La faccia di Gabriele Gravina all’intervallo e a fine partita a Oslo era quella di un uomo svuotato, pietrificato dalla realtà che si ostina a non voler vedere. Una maschera di cera, incapace di parole, chiuso nel silenzio come ormai è consuetudine ogni volta che la Nazionale precipita nell’abisso. Ma stavolta, quel silenzio pesa. Stavolta, qualcosa da dire c’era eccome.
Sotto la sua gestione, l’Italia ha sì vinto l’Europeo nel 2021, ma ha anche mancato due qualificazioni mondiali consecutive— 2018 e 2022 — e ora, dopo la disfatta in Norvegia, rischia concretamente la terza esclusione di fila da una Coppa del Mondo. Sarebbe un punto di non ritorno. Una Caporetto calcistica. E se Luciano Spalletti ha le sue responsabilità tecniche, il vero nodo politico del nostro calcio ha un solo nome e cognome: Gabriele Gravina.
Il ko di Oslo (3-0, senza appello) non è un incidente. È la diretta conseguenza di una crisi sistemica che Gravina non ha mai saputo né voluto affrontare. È stato lui a non dimettersi dopo il tracollo con la Macedonia del Nord. È stato lui a confermare Roberto Mancini per troppo tempo, e poi a consegnare in fretta e furia la panchina a Spalletti, scaricandogli addosso tutte le aspettative, senza un progetto tecnico chiaro.
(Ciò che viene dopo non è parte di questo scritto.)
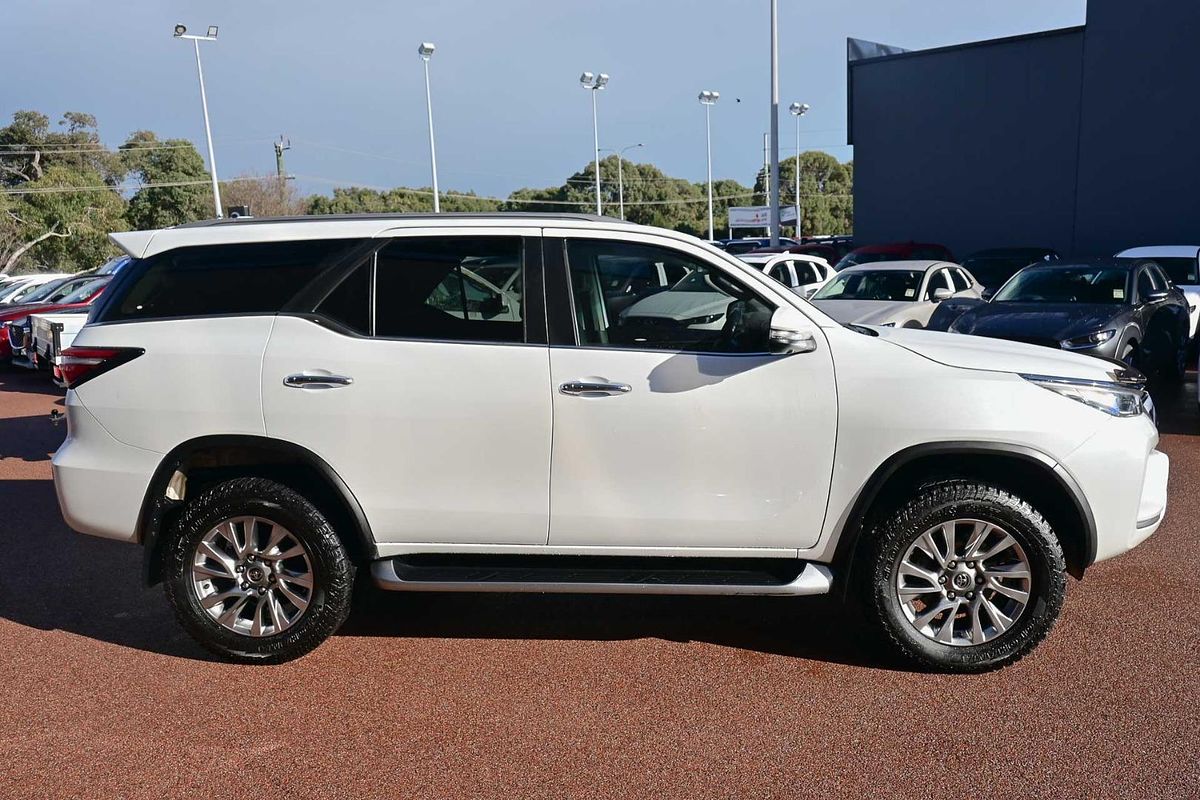 2023 Toyota Fortuner Crusade GUN156R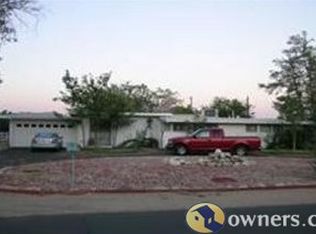 13187 Topsanna Rd, Apple Valley, CA 92308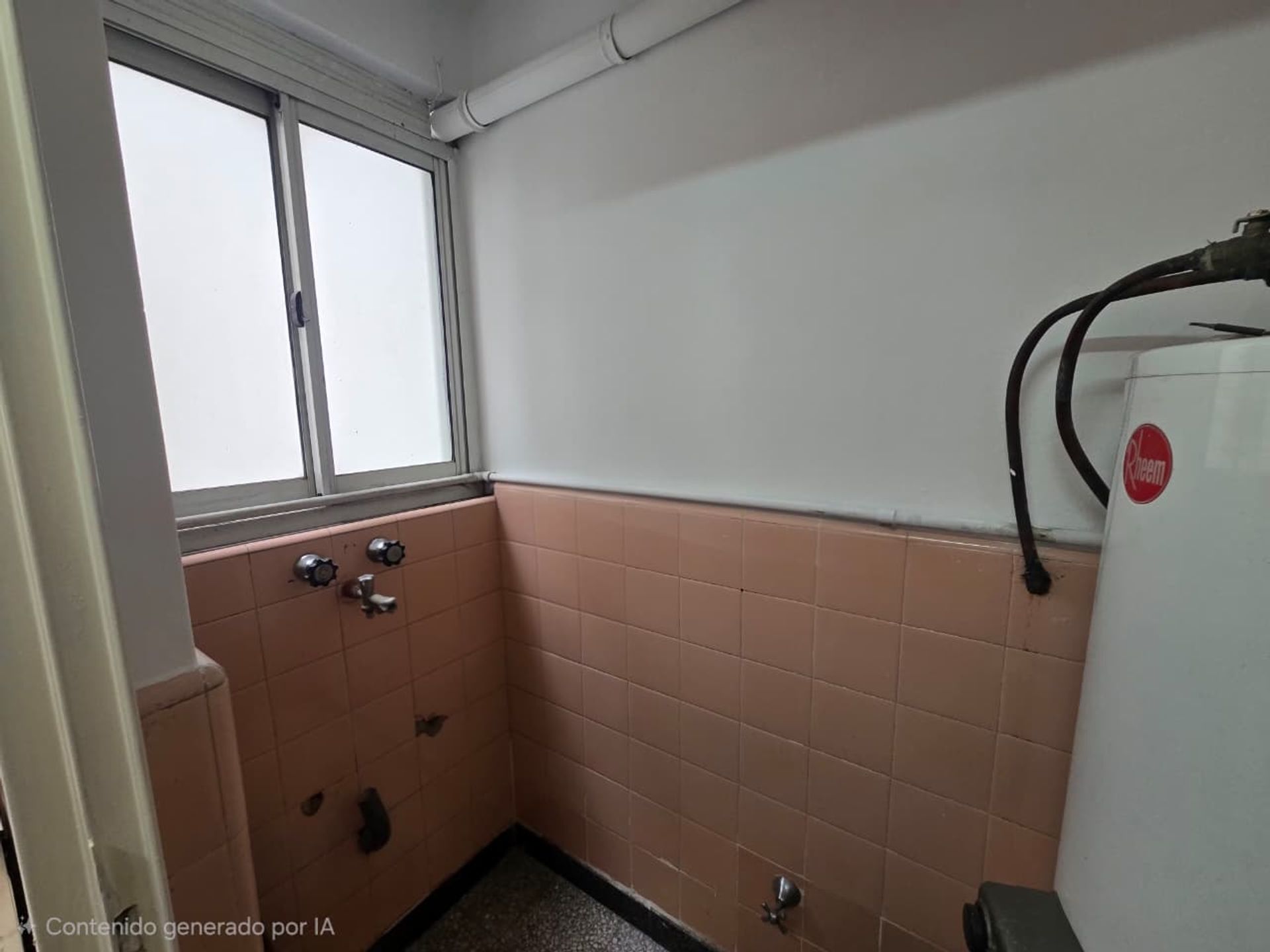 Foto 9 — VENTA DEPTO 2 AMBIENTES EN RECOLETA CON LAVADERO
E adesso, con l’Italia quarta nel girone dietro Norvegia, Israele ed Estonia, ci aggrappiamo ai playoff, sperando che stavolta non si trasformino nell’ennesimo boia.
Ma Gravina che fa? Resta. Si barrica dietro la sua rielezione (oltre il 98% dei consensi lo scorso febbraio), come se fosse un titolo eterno, impermeabile al fallimento sportivo. E intanto il movimento crolla: i settori giovanili languono, i club sono in crisi strutturale, le riforme promesse — dal numero degli stranieri al salario minimo in Serie C — evaporano nel nulla. L’unica costante è la sua presenza.
Ad ascoltare i cori di protesta degli 850 tifosi azzurri allo stadio Ullevaal non c’era solo Spalletti. In tribuna, accanto ai suoi collaboratori, c’era anche lui, Gravina. E quelle urla, quella rabbia, erano per entrambi. Alcuni sostenitori, sotto la pioggia, si sono fermati nei pressi dei pullman per farsi sentire. Nessuna risposta. Nessuna parola. Solo silenzio e scorta.
Eppure la storia recente ci dice altro: nel 2014, Abete lasciò dopo l’umiliazione in Brasile. Nel 2017, fu Tavecchio a dimettersi dopo la sconfitta con la Svezia. Gravina invece è rimasto sempre lì, sopravvivendo a ogni batosta. Ora però anche il suo tempo sembra essere scaduto.
Lunedì a Reggio Emilia, l’Italia sfiderà la Moldova. Una vittoria è d’obbligo, ma dopo Oslo sarebbe poco più di un brodino. Il vero banco di prova è a novembre, nello scontro diretto contro la Norvegia. Servirà un miracolo sportivo per evitare l’ennesima condanna ai playoff, già fatali due volte.
Ma il problema non è solo la classifica. È la credibilità. È l’inerzia. È l’incapacità cronica di programmare. Se Gravina ha ancora un briciolo di lucidità istituzionale, dovrebbe almeno aprire un confronto, prendersi le sue responsabilità pubblicamente e dire chiaramente quale direzione vuole dare alla Figc. Perché il Mondiale, forse, è già perso. Ma il futuro del calcio italiano non può esserlo per inerzia.
Se si aspetta ancora, il rischio è quello di arrivare alla primavera del 2026 a mani vuote. Con un’altra generazione azzurra costretta a guardare il Mondiale dal divano. E Gravina, ancora una volta, in tribuna. In silenzio.